Instructions for the task: For every record that follows, transcribe the text exactly and leave any image out.

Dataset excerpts
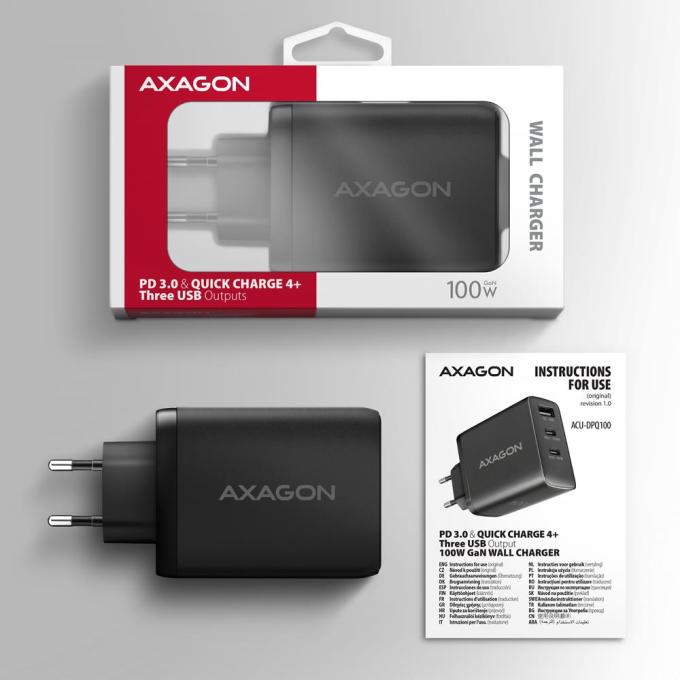 AXAGON ACU-DPQ100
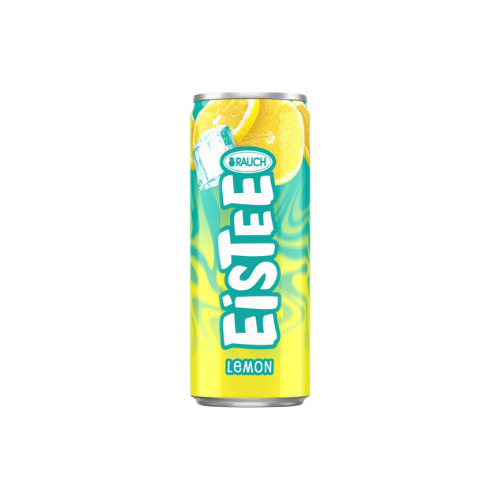 Rauch Eistee Zitrone 0.33l Einweg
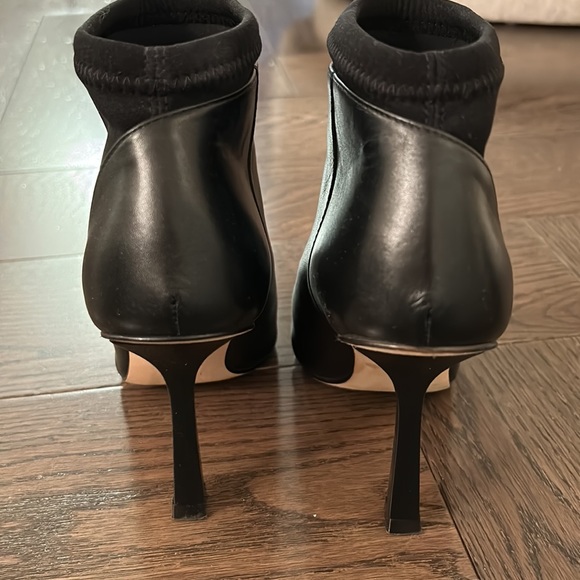 Stuart weitzman black booties size 4-never worn - Picture 2 of 2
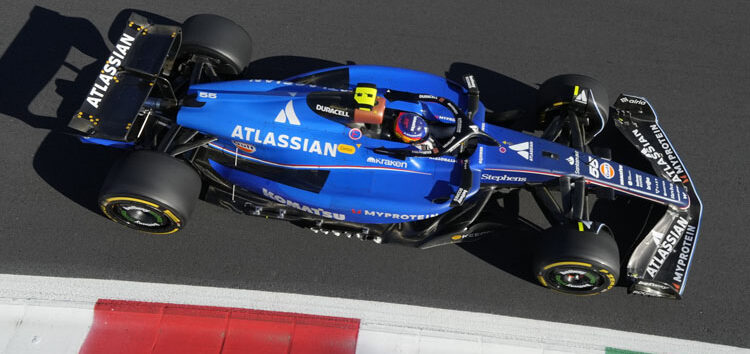 Excepcional viernes para Carlos Sainz en Monza: «El ritmo es prometedor»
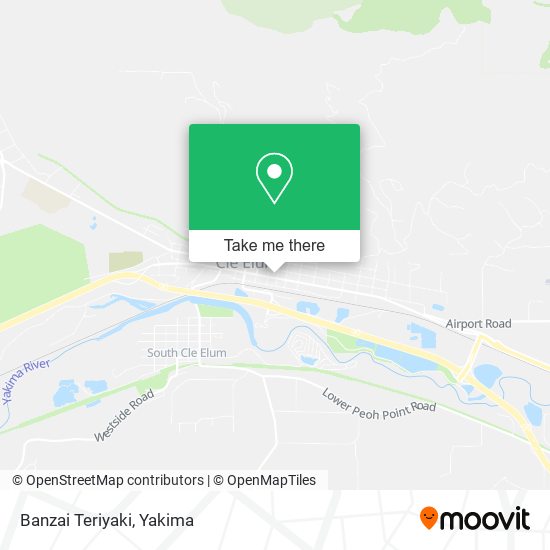 Mapa de Banzai Teriyaki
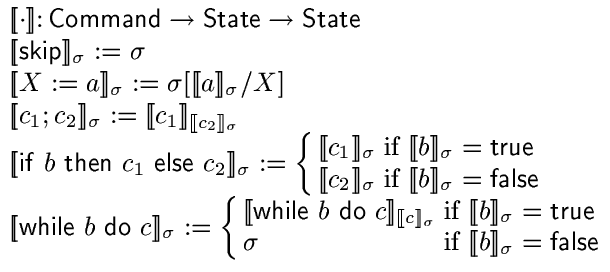 [Naive recursive denotation function]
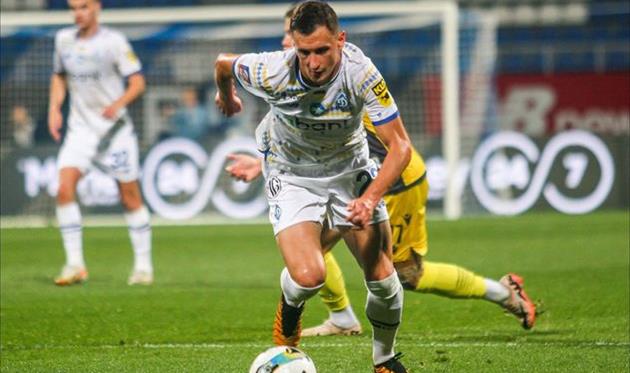 Владислав Кабаєв, фото ФК Динамо Київ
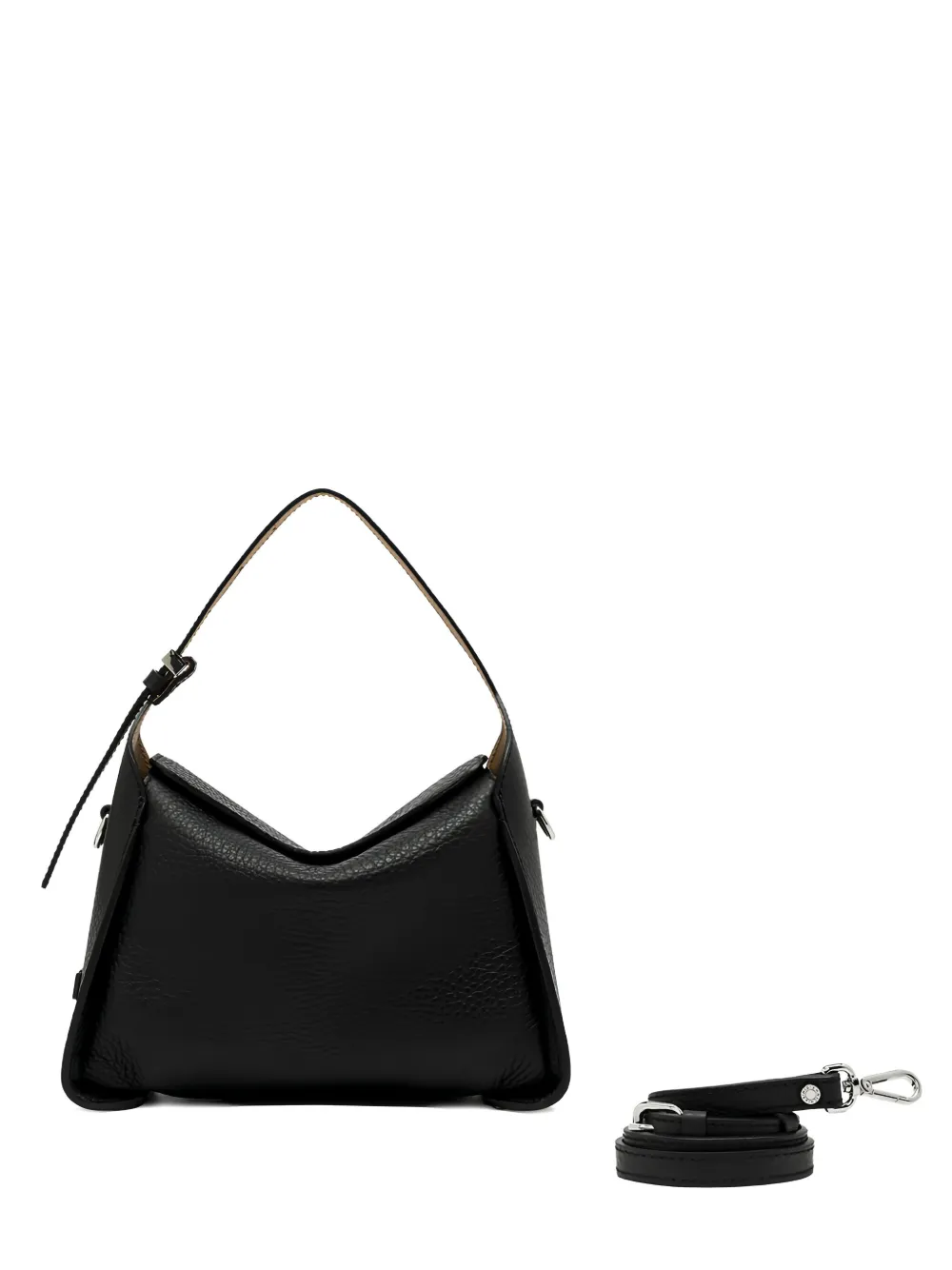 GIANNI CHIARINI Penelope tote bag Zwart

Answer to the exercise:
 AXAGON ACU-DPQ100
 Rauch Eistee Zitrone 0.33l Einweg
 Stuart weitzman black booties size 4-never worn - Picture 2 of 2
 Excepcional viernes para Carlos Sainz en Monza: «El ritmo es prometedor»
 Mapa de Banzai Teriyaki
 [Naive recursive denotation function]
 Владислав Кабаєв, фото ФК Динамо Київ
 GIANNI CHIARINI Penelope tote bag Zwart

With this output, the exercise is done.